I love home video. I absolutely adore it. I get nostalgic about VHS tapes, I collect DVDs, I obsess over digital copies, and I drool at the majesty of a beautiful Blu-Ray on an HD screen. I must emphasize this because I’m about to say something a wee bit unfavorable about home video: it may have ruined cinema. Not completely, of course, but I think that we’ve lost something special about the movie theater experience.
Because home video has been so prominent since before I was born, I don’t know personally what going to the movies was like at the time, but I’ve heard the stories.
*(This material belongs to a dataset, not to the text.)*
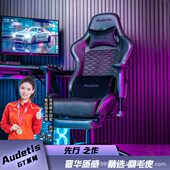 Audetis电竞椅游戏椅生宿色舒适公椅电脑椅电竞酒店网咖座椅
I’ve heard how the crowd cheered in joyous support at the premiere of Muppet Christmas Carol when the dedication to Jim Henson and Richard Hunt appeared on screen. I’ve heard how the boys let out a snide “oooOOOooh…” in unison in the bedroom scene in 1968’s Romeo and Juliet. I’ve heard how the test audience for Ghostbusters went wild when they saw “scene missing” as a placeholder for a shot that had yet to be composed. I’ve heard how they edited silent pauses after the Marx Brothers’ jokes because the audience would laugh so long and loudly. I’ve heard how much more of a community experience it used to be back before we got used to watching movies in private – before we trained ourselves to take no involvement in a collective movie experience.
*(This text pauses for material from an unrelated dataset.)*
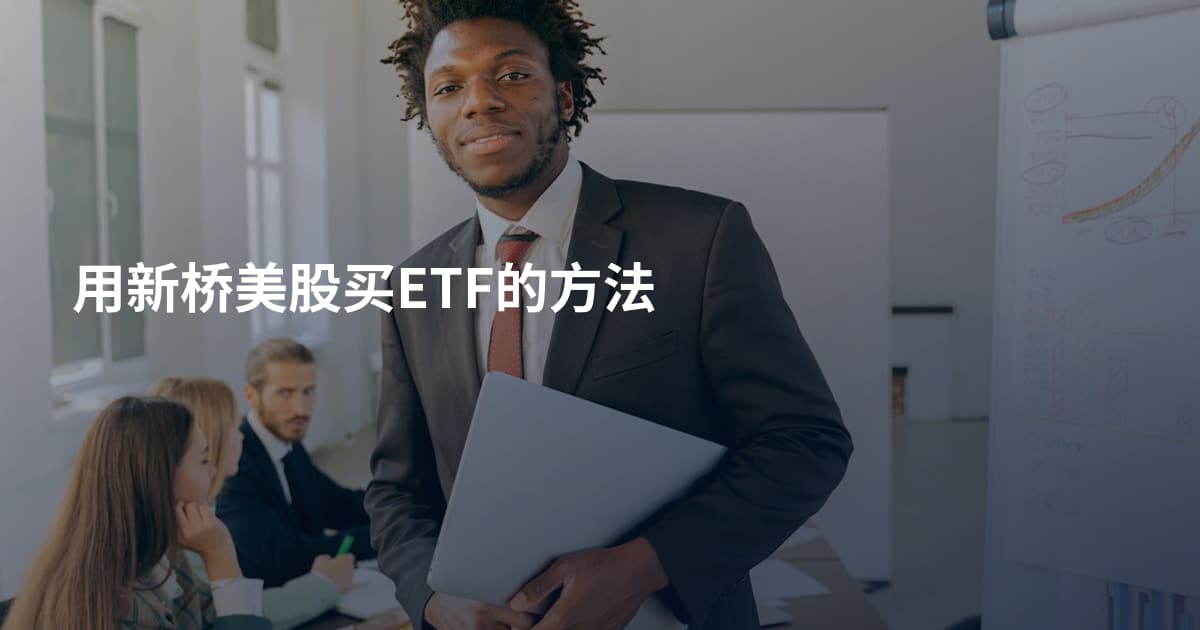 用新桥美股买ETF的方法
Star Wars: The Force Awakens made the movie theater into the big, loud, excited, delighted, happy family it was meant to be. There was applause for the Star Wars logo, applause for the Lucasfilm logo, and even for a spaceship. Everybody could feel the immense joy in the room when a familiar face came on screen. The jokes hit home with everyone. The twists had us all on the edge of our seats. Seeing this film was one of the best experiences of my life because, for the first time in a long while, I was truly experiencing a film rather than just looking at a film. Not to mention, the movie itself floored me.
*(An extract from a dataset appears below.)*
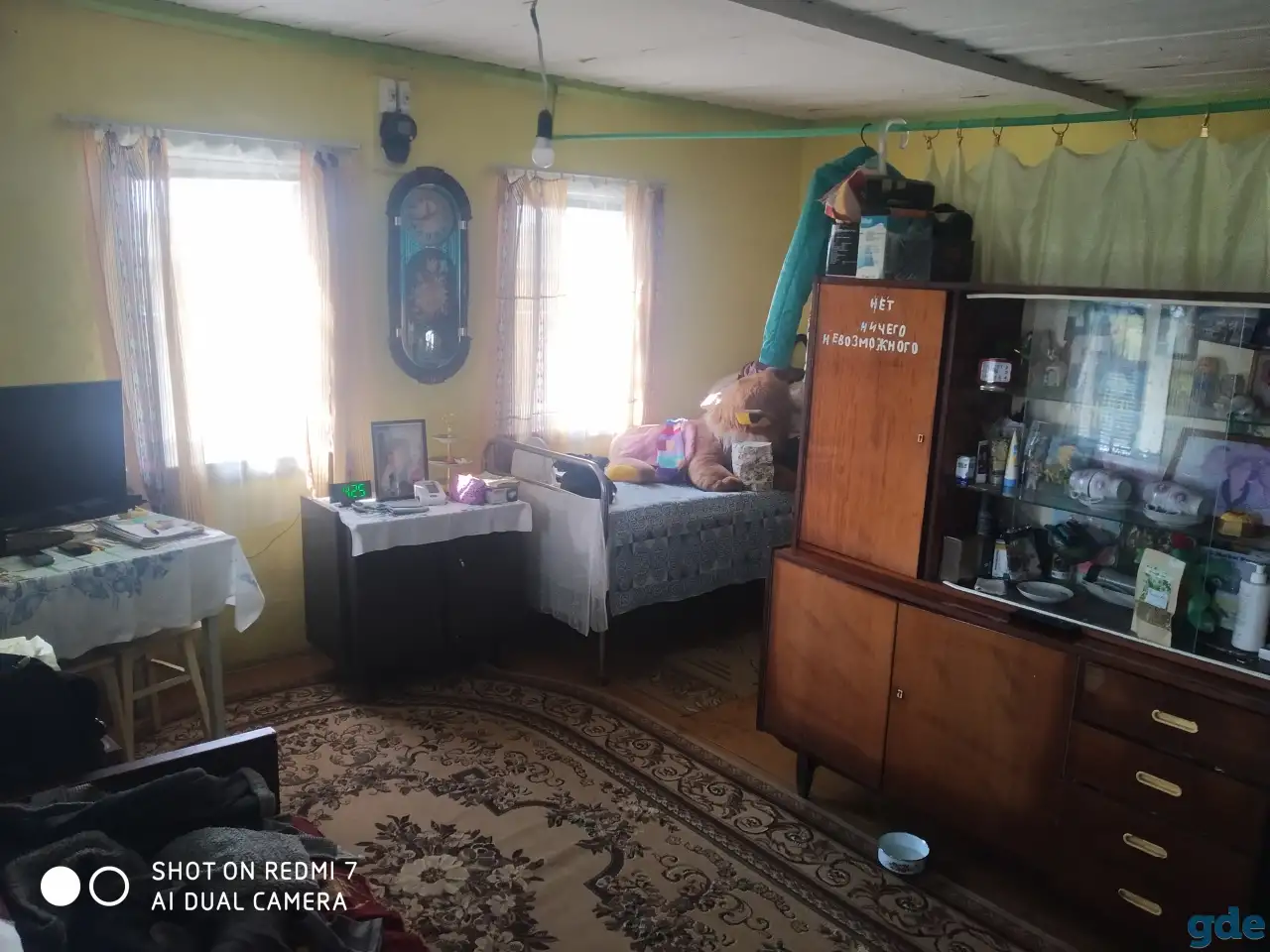Продам дом в д.Зубры Горецкого района., фотография 10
I felt like a child again, even though I didn’t watch Star Wars films much growing up. This movie actually made me into a bigger Star Wars fan than I have ever been in my life. I was simply reverted to a time when watching a movie was joyous and exciting, getting more delightful by the minute, and I couldn’t have been more excited. When I remembered to use my grown up brain to analyze the film, I was impressed by the effects, the acting, the visuals, the score, the dialogue, the story structure – everything about it. This is the kind of experience that the movies are all about, and I feel privileged to live in such a historic moment when the event of a lifetime is on big screens everywhere.